I got this question from a reader on The Eloquent Woman on Facebook, an ancillary presence for my blog on women and public speaking. "I want to be sure I don't miss anything--should I follow this and the blog?" she asked. I could assure her that if she followed the Facebook page, she'd see everything that was on the blog--because in my content strategy, my blogs are my basecamp, the places that provide the content for everything else. Sure, I have side discussions on Twitter or my Facebook pages, but often, those get repurposed into new content for the blogs and fed back into the other channels. Anything substantive that happens to me in social media winds up on my blogs. Anything on my blogs winds up on my social channels.
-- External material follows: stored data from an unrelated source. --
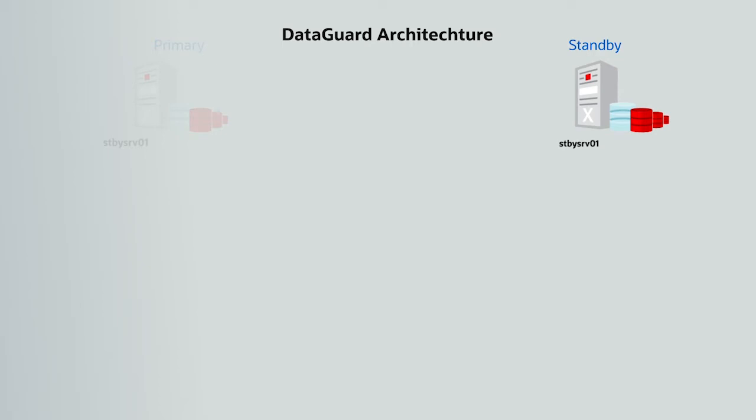Once the failed on-premise database is repaired, DataGuard automatically resynchronizes it with the new production database in the cloud and then switches production back to the on-premise database.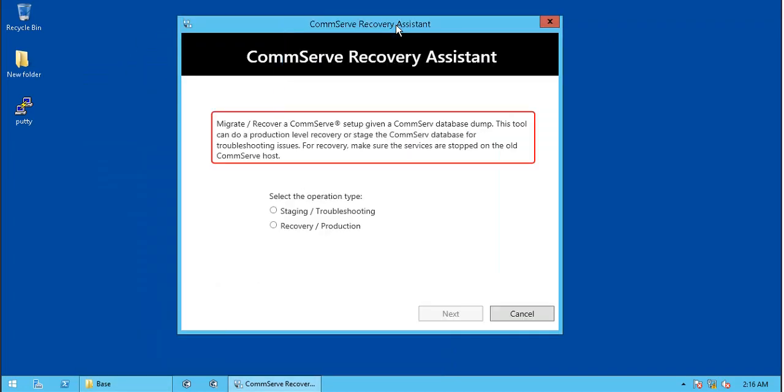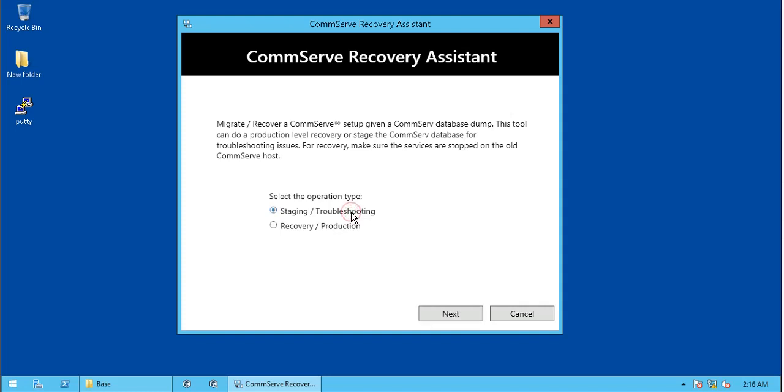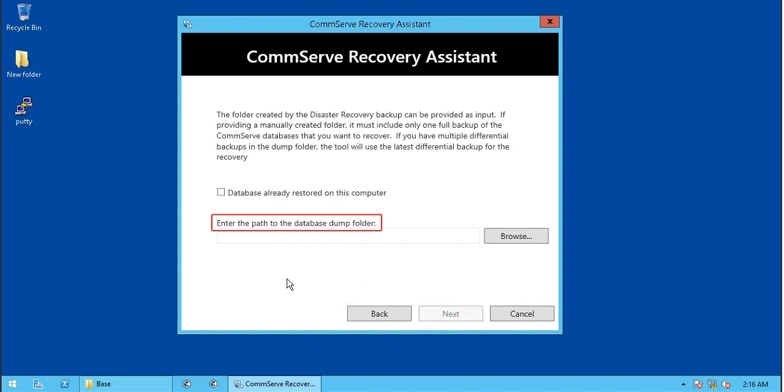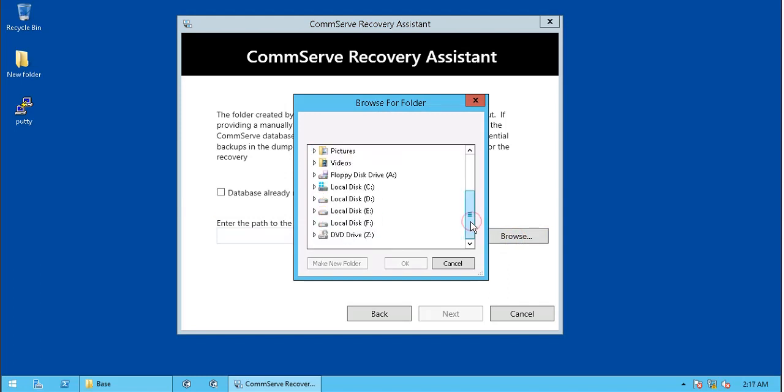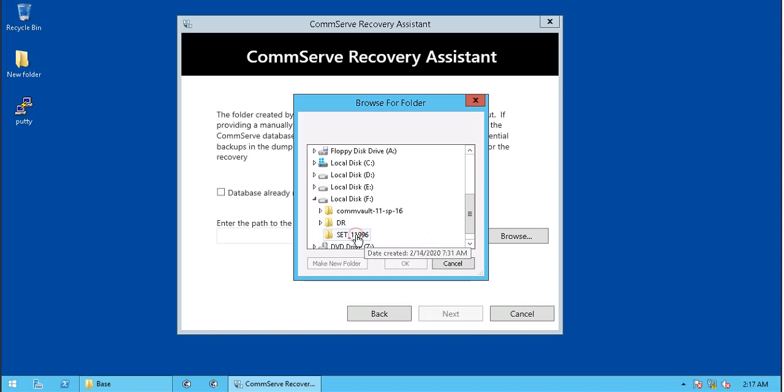Brief intro about CommServe Recovery Assistant, which is worth to note. For this video, we will go ahead with staging or troubleshooting option. Browse and select the location where the SetID folder, which contains the latest Disaster Recovery Backup.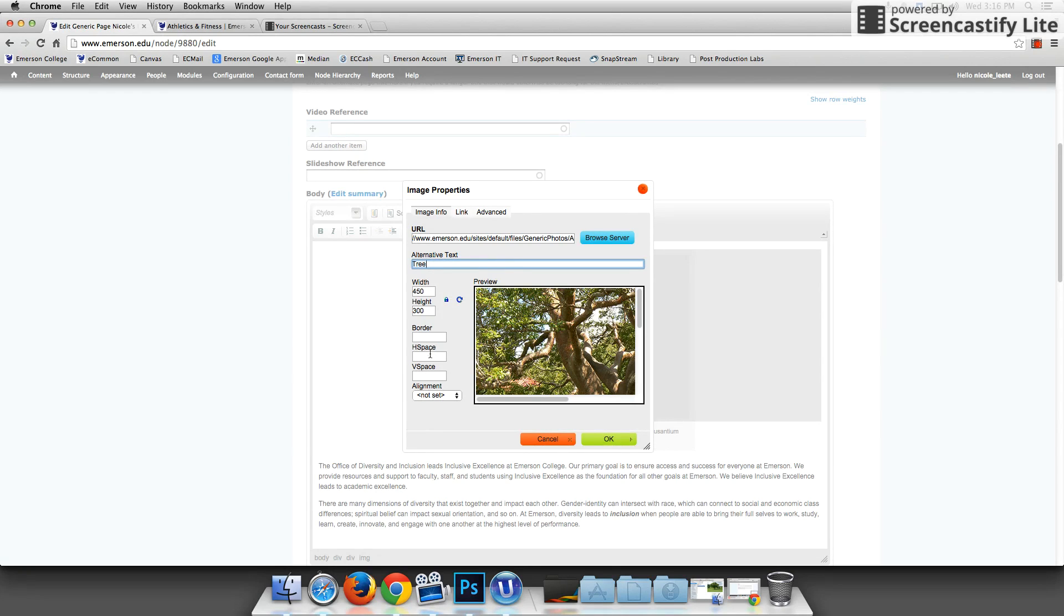You don't have to worry about border, H space, V space, alignment because it's in a template and that's the beauty of a template. It's done for you. So I'm going to hit OK.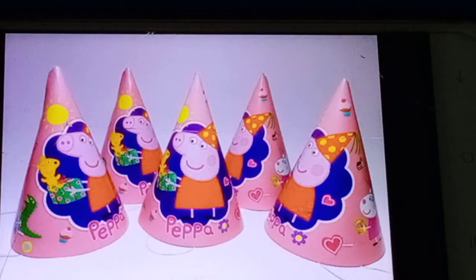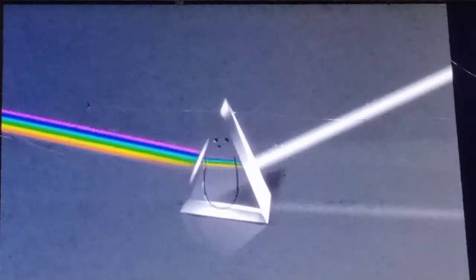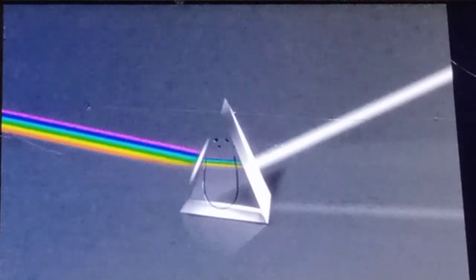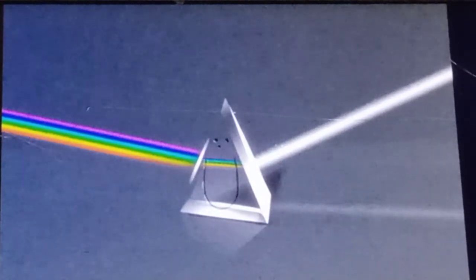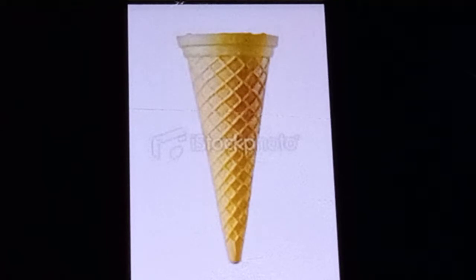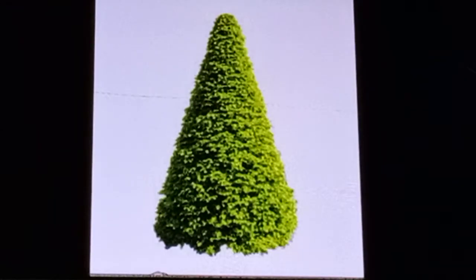Children, there are so many things which we use in our daily routine, like birthday caps, prism, ice cream cone, egg mastery, and funnel.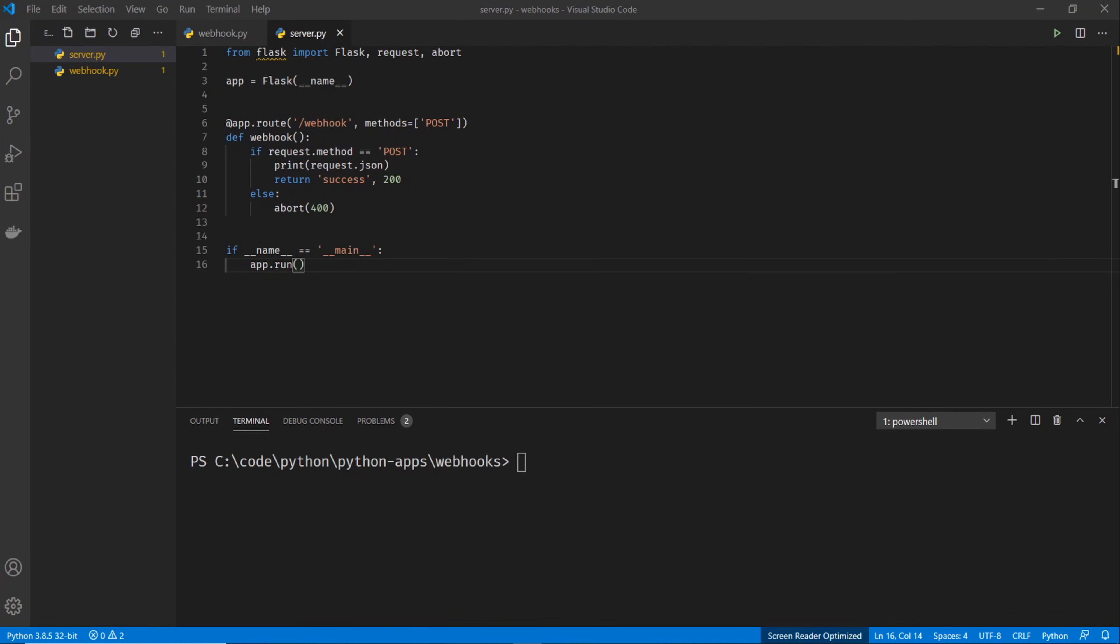Hey everyone, this is Brad from DevOps Journey, and today I'm going to show you how you can create a simple Python web server that listens for webhooks.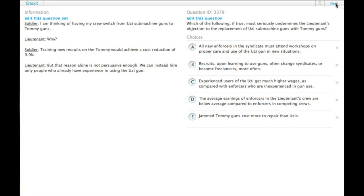So the soldier says, I am thinking of having my crew switch from Uzi submachine guns to Tommy guns. The lieutenant asks why.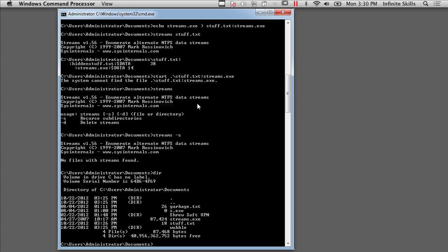So that's alternate data streams and just some ways of making use of them, finding where they live, and some things that you can do with them.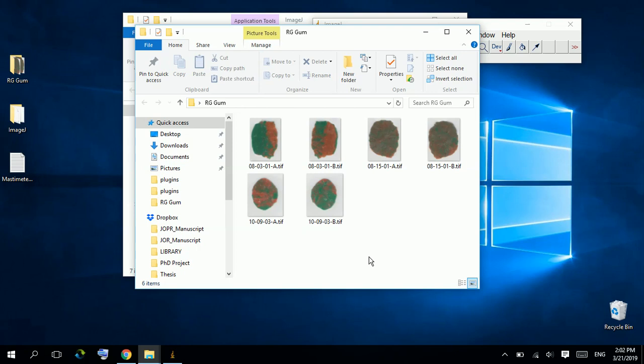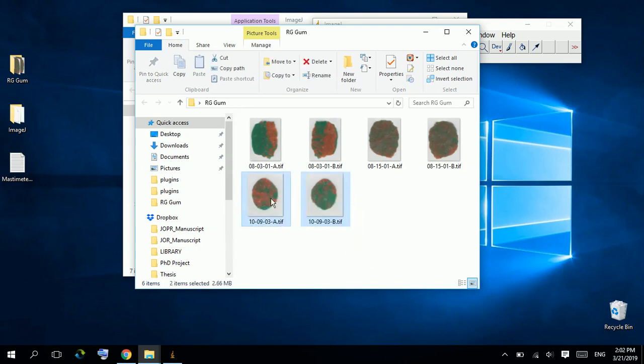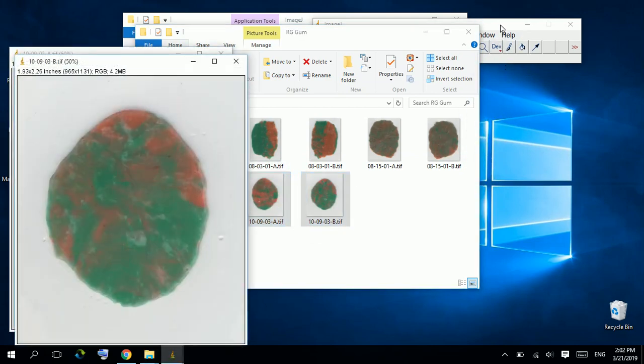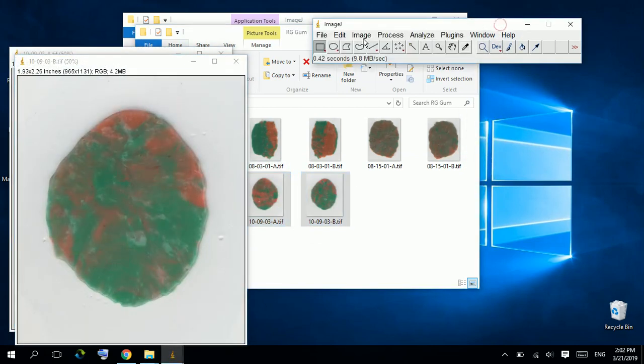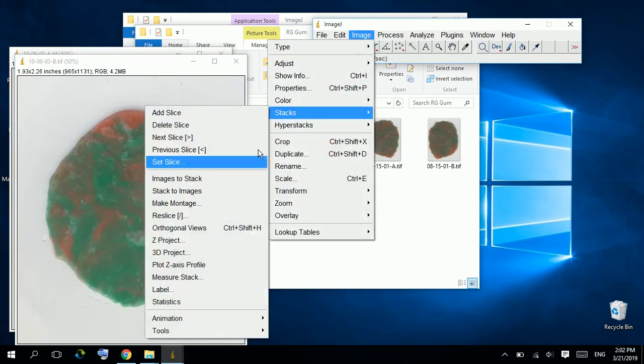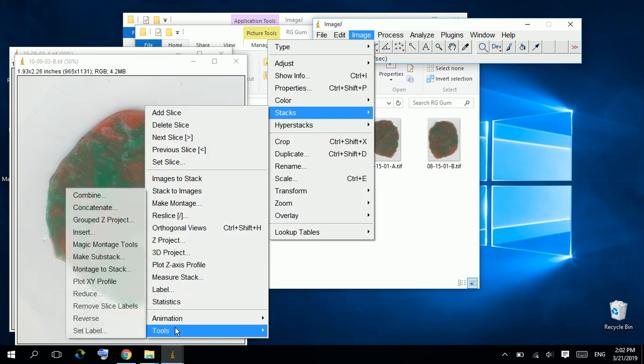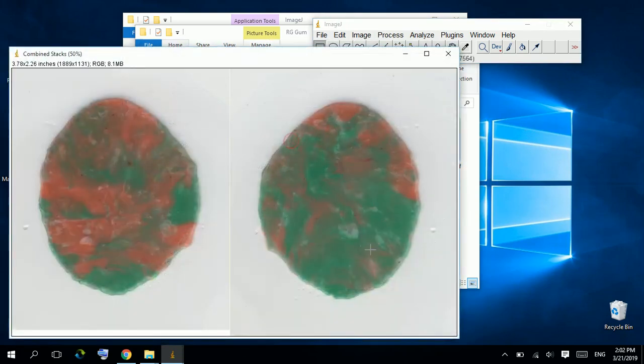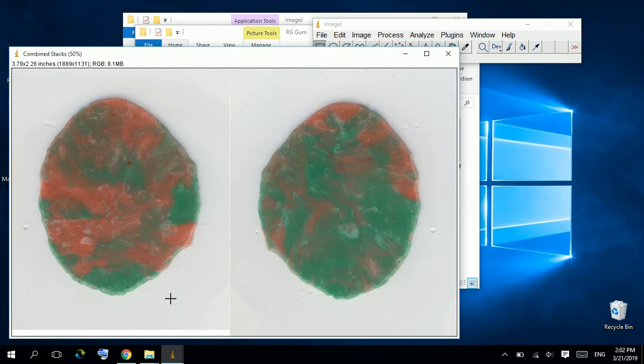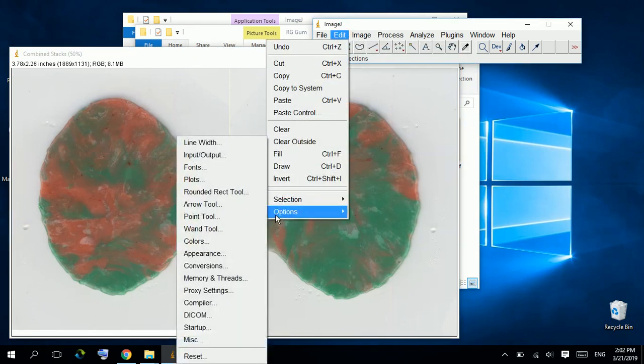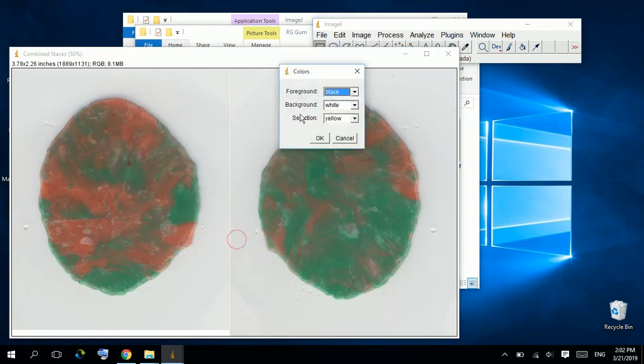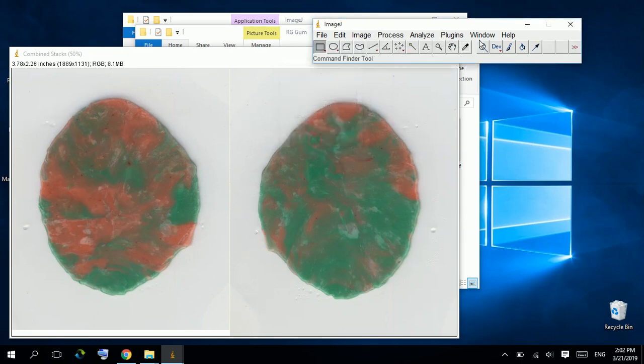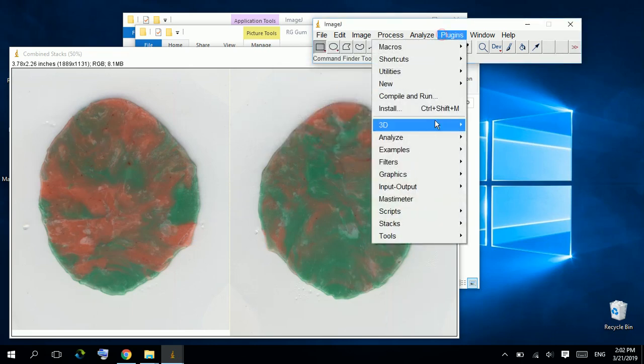I will take two size of one specimen using Image Stack Tools Combine. Extra area should be white. You can edit the background color from Edit Options Colors Background. Run Plugins MassIMeter.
Another way of thinking about this is to figure out where you want your content to appear first. Where is your publisher of record? After that, the other social networks become ways to amplify what's new and draw users from those networks to your basecamp; they also can be listening posts, where you gather feedback and discuss what emanated from your base. That is, if you need other places to be. Some folks do just fine with a Facebook page alone, for example. But if you do have multiple channels, make sure their roles are clear, and connected to that basecamp.
This isn't new thinking in the social media space, but more and more, I see communicators feeling overwhelmed by the many networks and options available. If you--or your team, or your audience--can't answer the basecamp question, that tells you a strategy needs to be more evident and aforethought. It's not as simple as "We push everything out to all the channels," either. That tells me you haven't really thought this through, and that you're not at all interested in what your readers need, who they are or where they're playing in social spaces. Time to pick and choose, I say.
Choosing and focusing your content strategy on a base has other advantages. It's difficult to develop a strong voice and reputation if your efforts and posts are scatter-shot, but speaking from a base can help you evolve into a source readers know and trust.
Share your social media basecamp in the comments, and, if you wish, why it's working for you. Or do you find a widespread strategy more effective? I'm happy to hear views on all sides.